Che trovano sintesi nelle cinque opere che saranno esposte in “Antonio Ligabue (1899-1965)” e che sono condensate nel “Grande autoritratto” scelto come opera simbolo della mostra: il “Grande autoritratto”, dove l’artista si rappresenta in due metri di altezza di opera in cui sono presenti elementi costanti del suo lavoro. Il ritratto che non nasconde niente della durezza e della malattia, i pennelli e il galletto dipinto sulla tela, un cane in mezzo al prato e l’esplosione della vegetazione. «Nella sua vita Ligabue ha dipinto numerosi autoritratti, quasi un diario autobiografico su tela, ma anche un mezzo per confermare il proprio status di pittore, finalità ben evidente in questa straordinaria e molto nota versione nella quale l’artista si ritrae al lavoro».
In mostra anche due “Arature con buoi” solo apparentemente identiche e in realtà precisi esempi di come la sua capacità visionaria sapeva modificare nel profondo l’impressione generale attraverso anche solo gli sfondi. E poi il “Ritorno ai campi con castello” e ancora la “Leonessa che azzanna una zebra”, che testimonia l’attenzione di Ligabue per il mondo animale e il suo patrimonio genetico naturale e cruento. La giungla che non aveva mai conosciuto e che era stata forse per tanto tempo un paesaggio interiore. Sono tutti oli su faesite datati tra il 1950 e il 1955, il periodo più produttivo accompagnato a quella fase di celebrità e leggenda che ha caratterizzato quegli anni. Prima che all’inizio dei Sessanta un incidente in moto e una paresi non lo portarono alla morte nel 1965.
Passato in secondo piano dopo la celebrità di allora (nel 1965, subito dopo la sua morte, una retrospettiva alla Quadriennale di Roma) e della fine degli anni Settanta, grazie a un celebre sceneggiato andato in onda sulla Rai, Ligabue ha ritrovato una sua collocazione negli ultimi anni.
Di una dozzina di anni fa è il catalogo generale delle opere, firmato nel 2002 da Sergio Negri e pubblicato da Electa, mentre nel 2008 è stato il palazzo reale di Milano a tributargli una retrospettiva. Tra le mostre più recenti quella del 2011 a Traversetolo (“Antonio Ligabue – Genio e Follia”) e nel 2013 “Antonio Ligabue. Istinto, genialità e follia” a Lucca, “Ligabue. Toni e la sua arte nel racconto di Cesare Zavattini” a Riccione e “L’arte moltiplicata. Opere originali tra unicità e serialità” un anno fa a Brescia.

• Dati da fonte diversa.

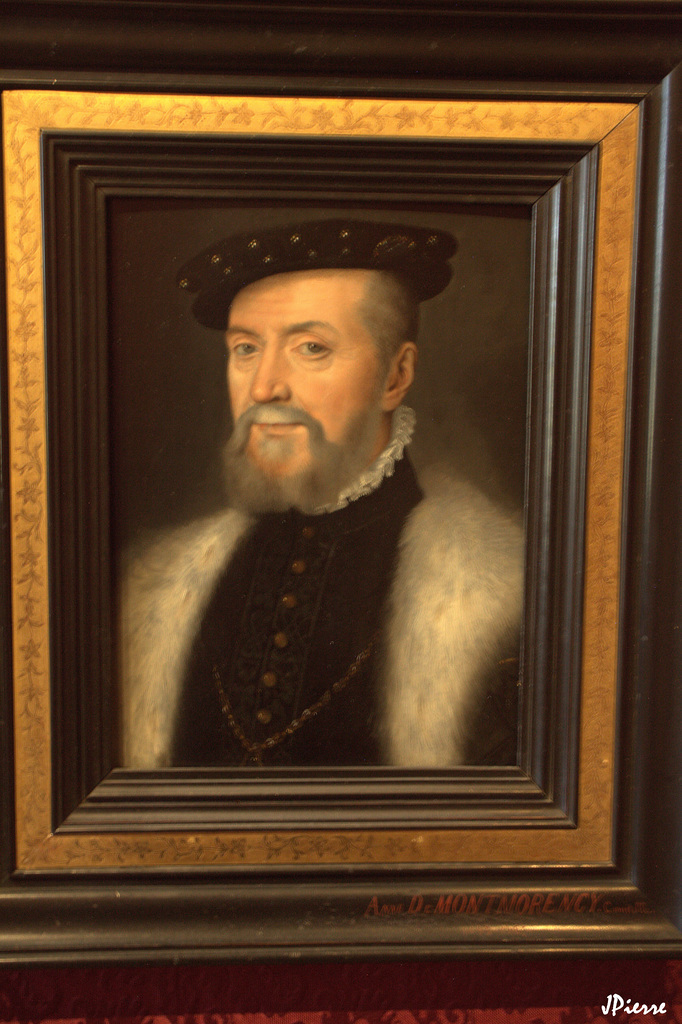 Anne de Montmorency, connétable de François 1er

L’inaugurazione è in programma venerdì 15, media partner della mostra il Cittadino e monzabrianzaTv. Che sui giornali in edicola da giovedì 13 novembre e sabato 15 novembre offriranno uno sconto speciale riservato ai lettori.

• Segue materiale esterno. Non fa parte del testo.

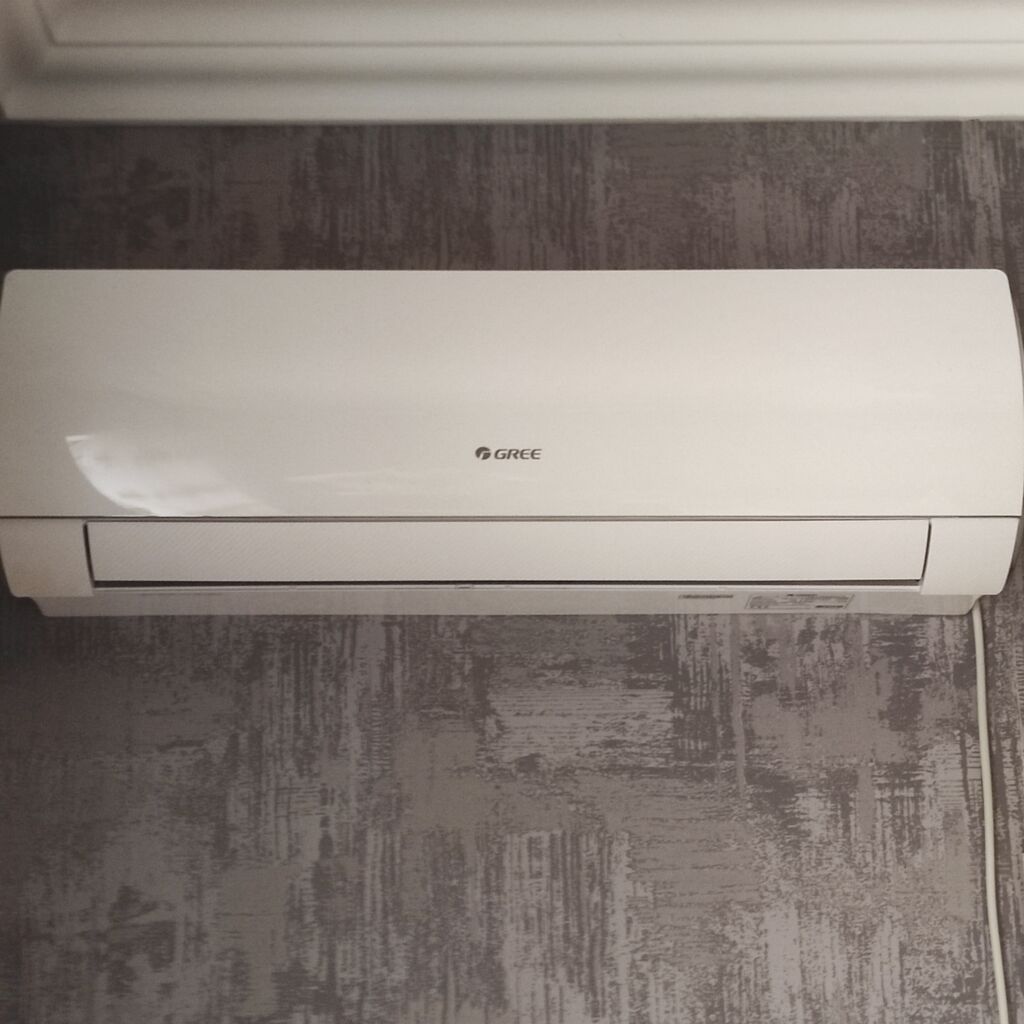 Gree divar tipli split kondisioner - Brend: Gree - Tip: Divar tipli — Elektronika, Masazır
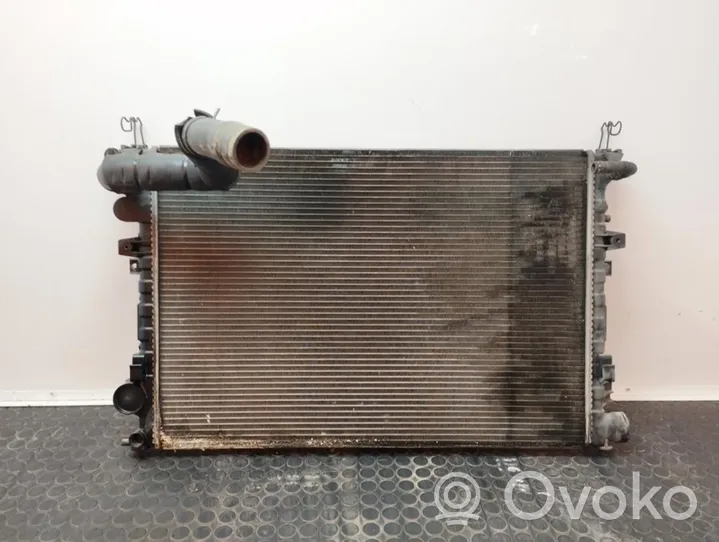 Fiat Scudo Radiateur de refroidissement 870876L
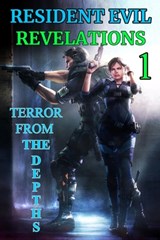 Resident Evil Revelations - Cecil Everton - 9798550213612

Antonio Ligabue ( 1899- 1965) Dipinti dalla Collezione della Banca popolare di Bergamo
15 novembre 2014 – 18 gennaio 2015
A cura di Simona Bartolena
Museo del territorio – Via Vittorio Emanuele II 53 – Vimercate
Ingresso a mostra e museo: intero 5 euro, ridotto 3, cumulativo famiglia 8, visite guidate a 8 e 6 euro.